Lotnisko w Bergamo (Włochy, Lombardia), obsługujące tanie połączenia lotnicze z i do Mediolanu, zostało we wtorek tymczasowo zamknięte po śmiertelnym wypadku na płycie lotniska. Zginął tam mężczyzna, który – jak podkreślają służby – nie był ani pasażerem, ani pracownikiem portu lotniczego. Do tragedii doszło, gdy ofiara została wciągnięta przez silnik samolotu przygotowującego się do startu.
Do zdarzenia doszło we wtorek rano.

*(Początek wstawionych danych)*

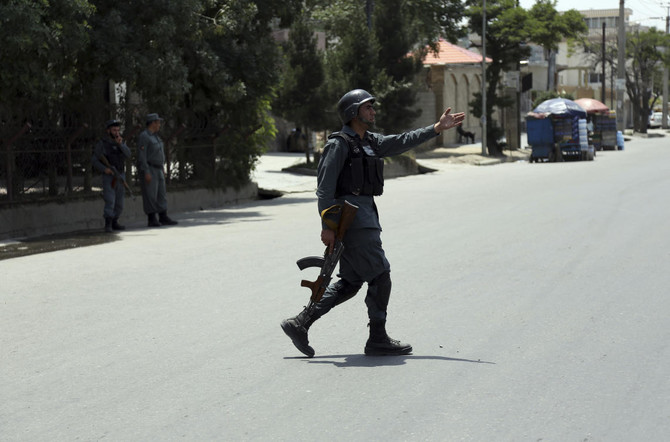 Taliban kill 5 Afghan forces days ahead of truce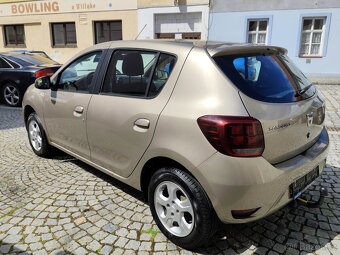 Dacia Sandero 2021 1.maj. ČR najeto 42.000Km 1.0i 74kW - 20
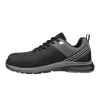 Albatros Vigor 2 Impulse Black S3S ESD FO HRO SR munkavédelmi cipő Fekete/Szürke - 36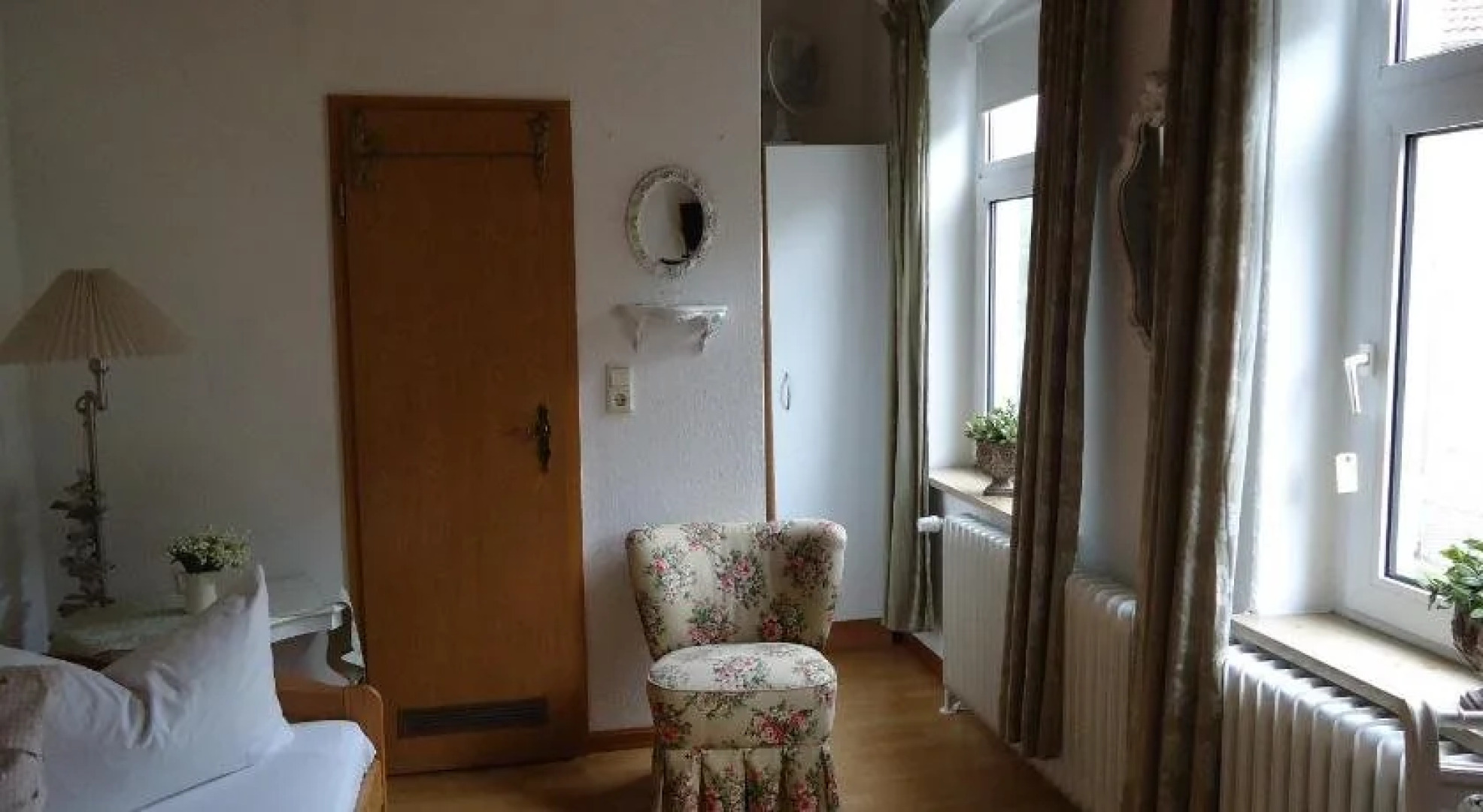 Das Kleine Hotel Schleiblick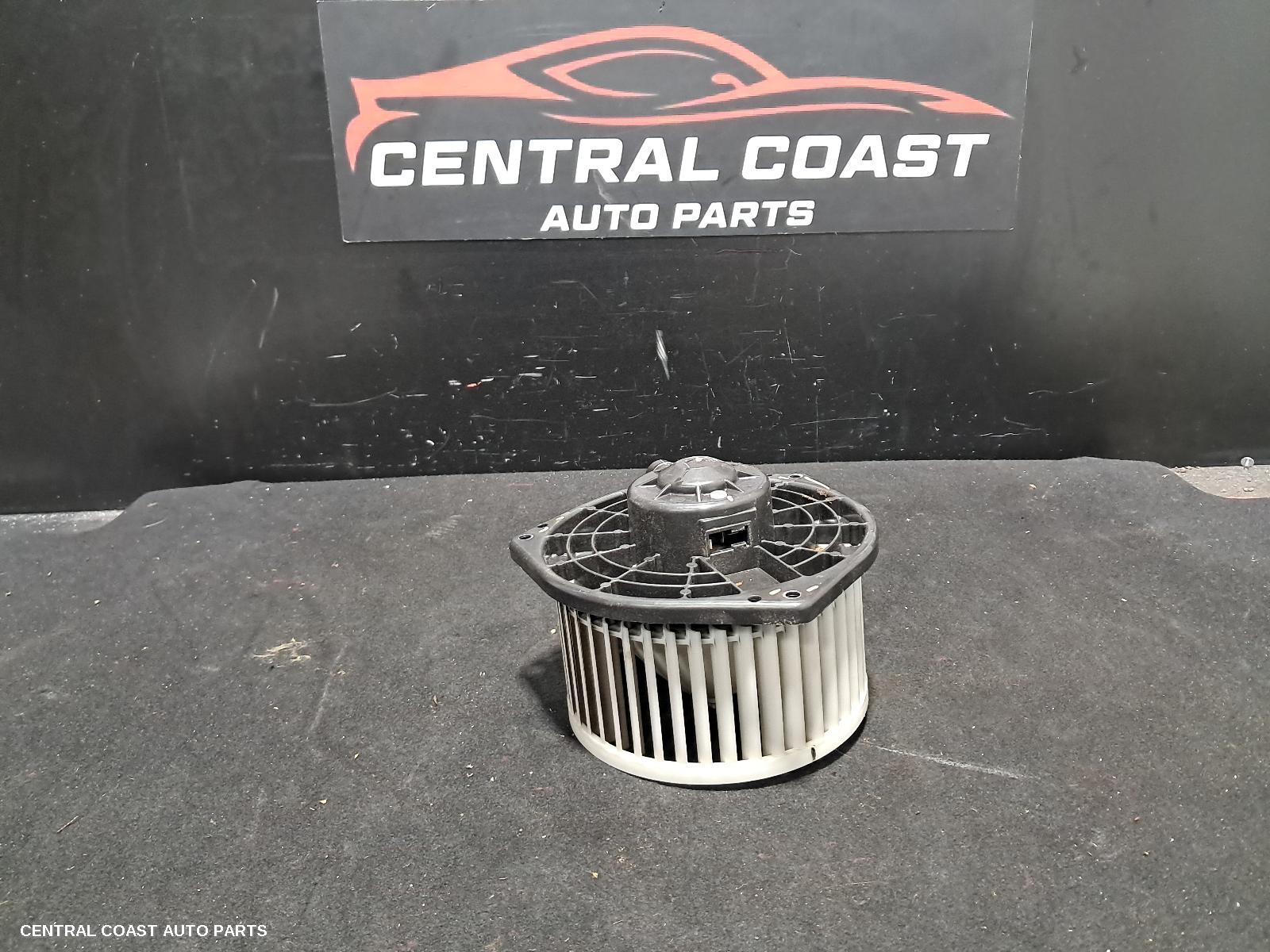 Heater Fan Motor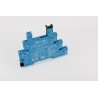 Finder 93 5 Way 250V AC DIN Rail Relay Socket for Use with 34.51 and 34.81 Series Relays 93.01.0.125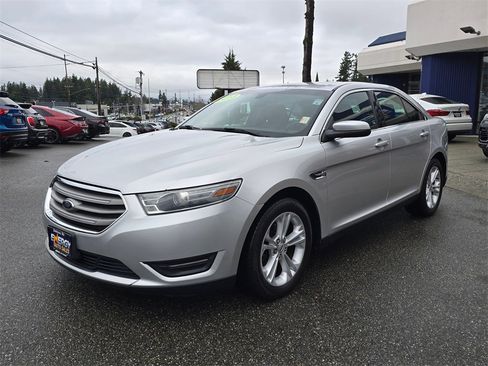 Used 2013 Ford Taurus SEL image 7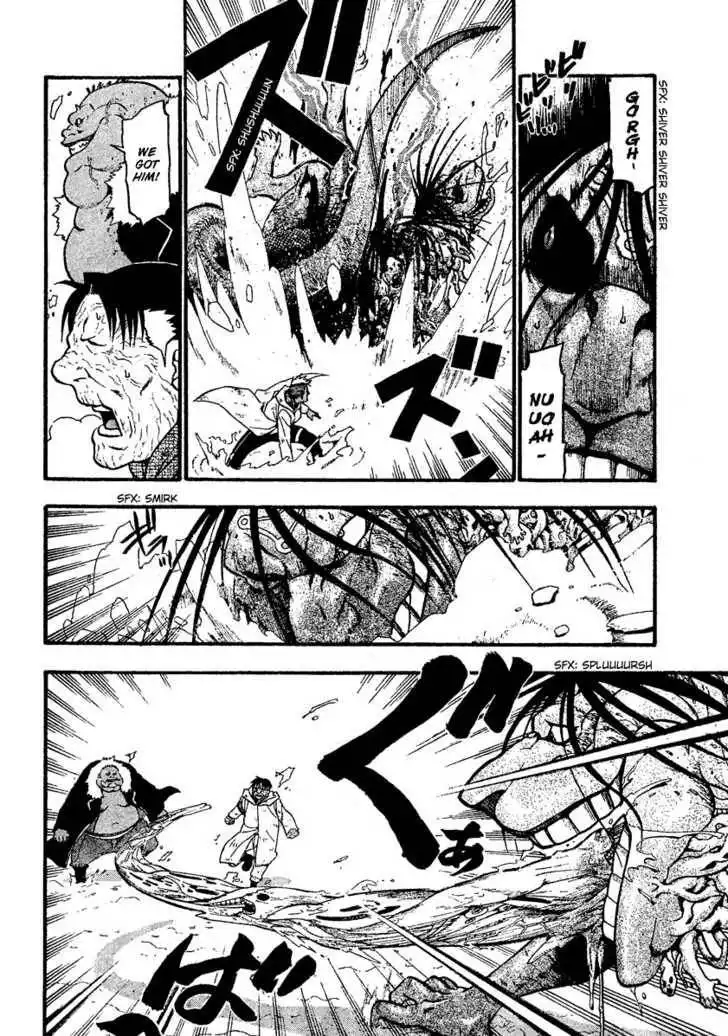 Full Metal Alchemist Chapter 79 19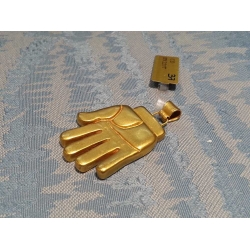 Ciondolo Azteco Mano L.A. Cano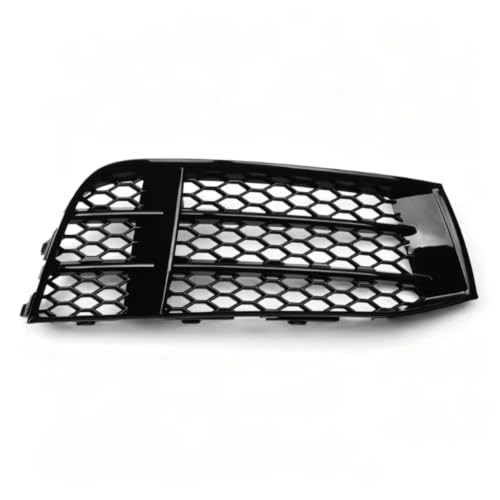 Cubiertas de luz antiniebla de rejilla para parachoques delantero derecho de coche A5 RS5
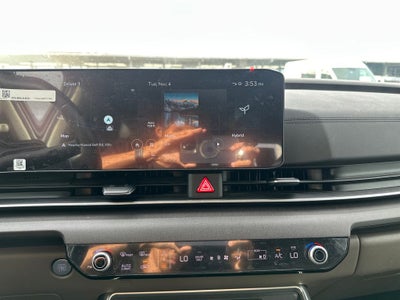 2025 Kia Carnival Hybrid EX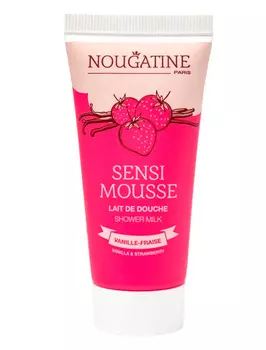 Гель для мытья Nougatine Paris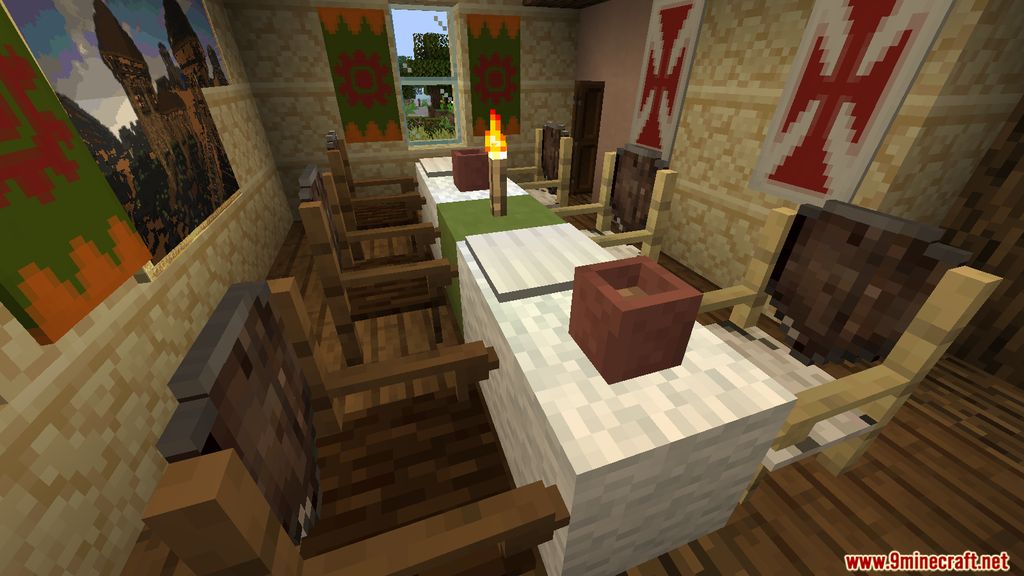 Iron Age Furniture Mod Screenshots 2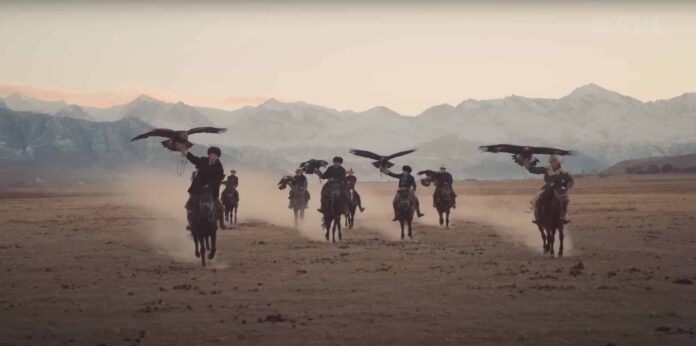 Watch: Human Playground Official Trailer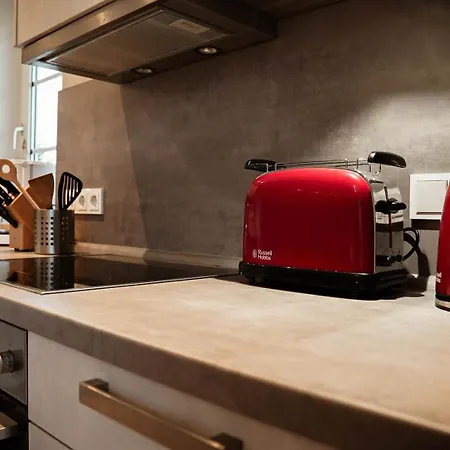 Semesterbostad Zur Postwiese *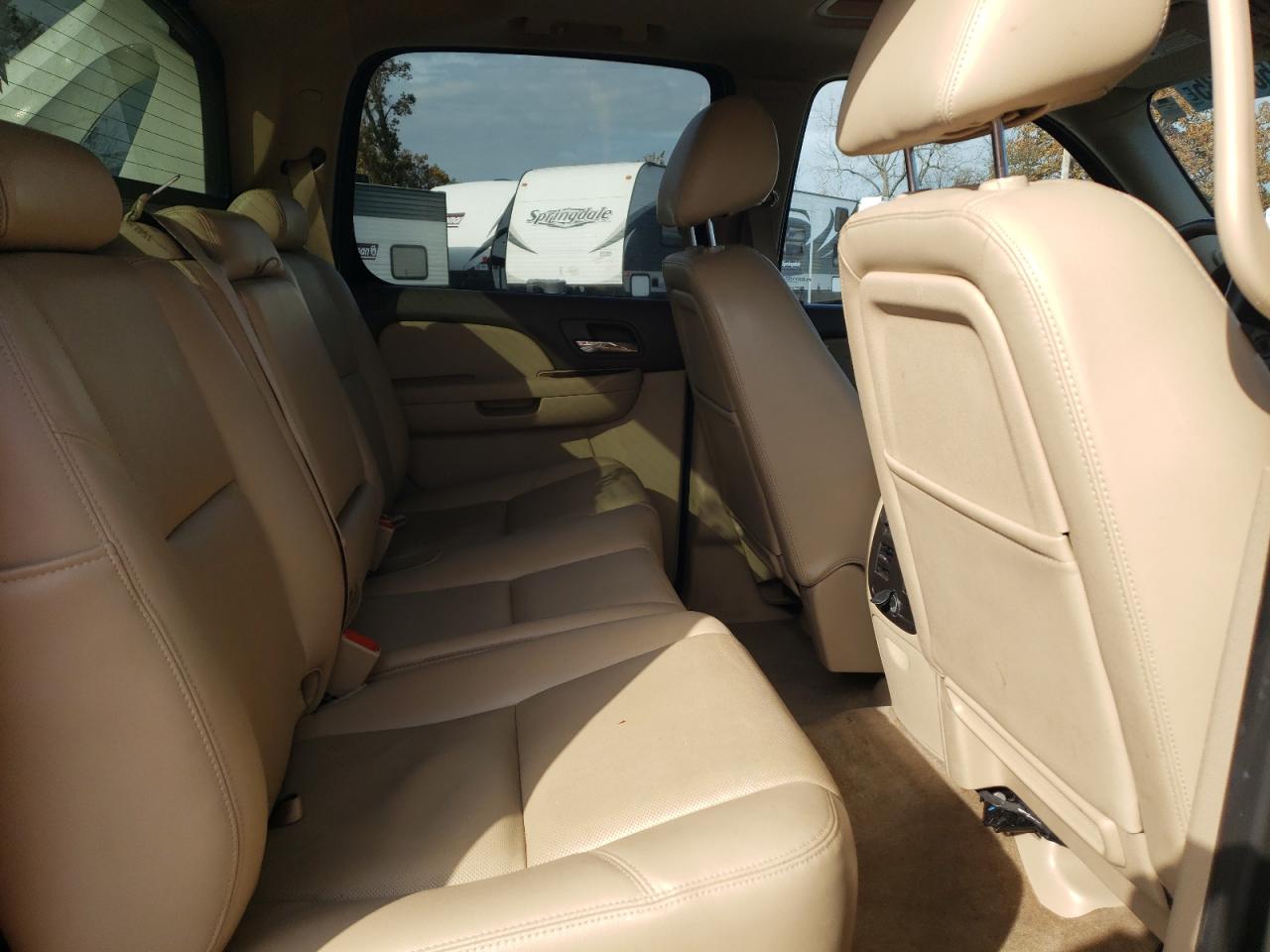 2013 Chevrolet Avalanche Ltz VIN: 3GNTKGE78DG351561 Lot: 91505635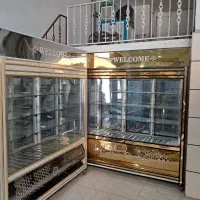 ۲متری تمام استیل و ۱/۵متری تمام استیل|فروشگاه و مغازه|اندیشه, شهرک کوثر|دیوار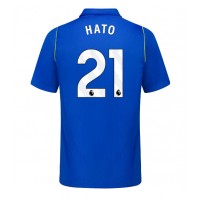 Chelsea Jorrel Hato #21 Kotipaita 2026-27 Lyhythihainen
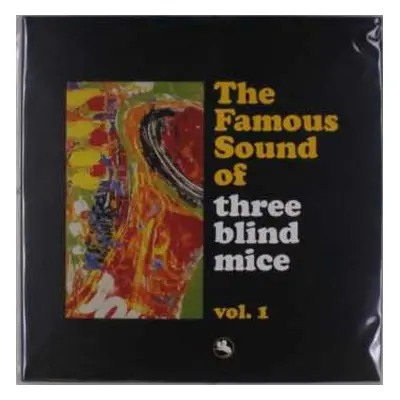 LP The Three Blind Mice: Famous Sound Of.. -hq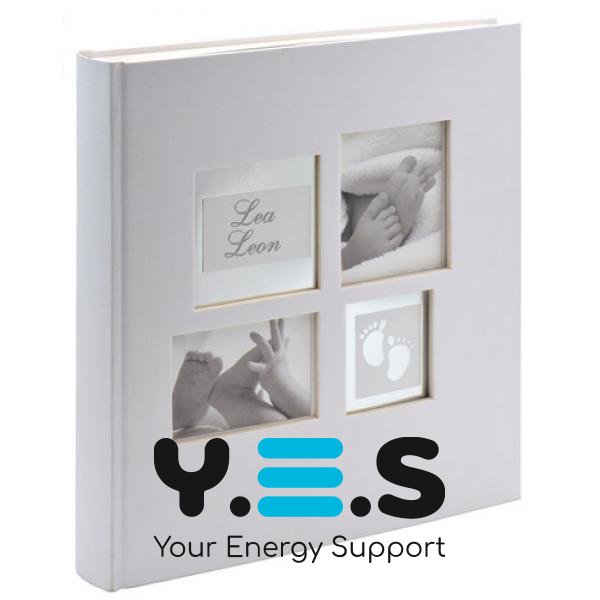 Фотоальбом Walther Little foot - UK-172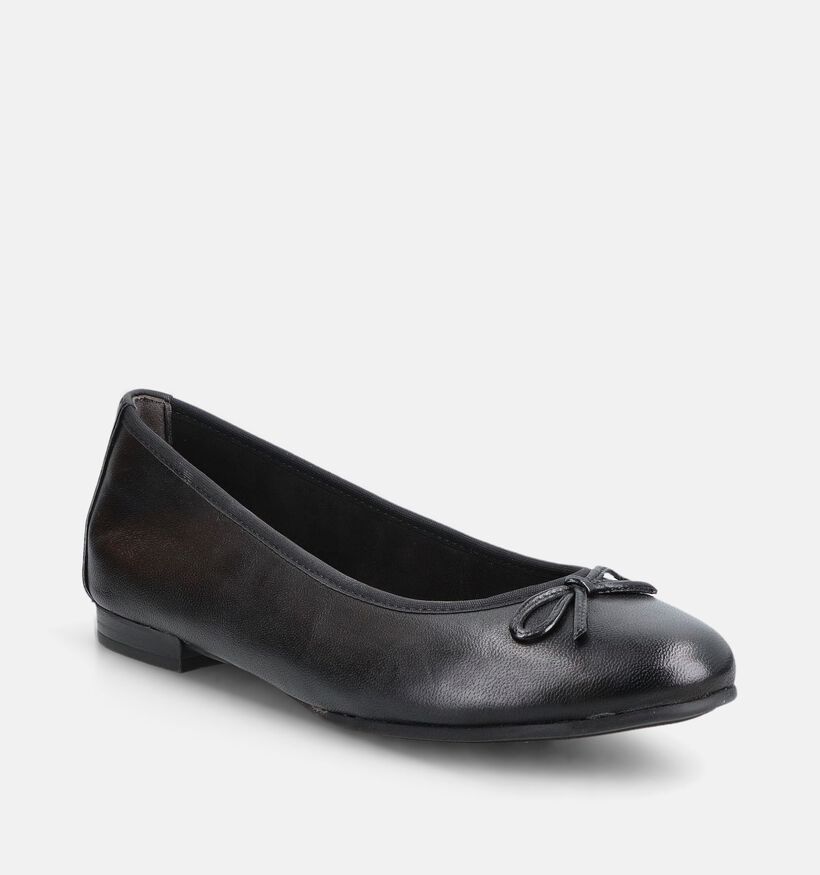 Tamaris Zwarte Ballerina's voor dames (372204)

Jak poinformowały władze lotniska, na które powołuje się agencja Reutera, operacje lotnicze zostały zawieszone od godziny 10:20 do 12:00 czasu lokalnego "z powodu problemu, który wystąpił na drodze kołowania". Na miejscu pracują służby, a okoliczności tragedii badają odpowiednie służby.
Rzecznik lotniska potwierdził, że w wyniku incydentu zginął mężczyzna, który nie był ani pasażerem, ani członkiem personelu portu. Według agencji ANSA, ofiara została wciągnięta przez silnik samolotu linii Volotea, przygotowującego się do startu. Włoskie biuro prasowe hiszpańskiego przewoźnika nie udzieliło na razie komentarza w tej sprawie.
"Corriere della Sera" informuje, że mężczyzna wbiegł na lotnisko, przedzierając się pod prąd. Pod terminalem pozostawił swój samochód, by później wpaść do hali przylotów i przebiec przez drzwi bezpieczeństwa, prowadzące bezpośrednio na płytę lotniska.
Gdy zbliżył się do samolotu wykonującego manewr tzw. pushbacku (wyjazdu z parkingu na pas startowy), został wciągnięty przez silnik maszyny.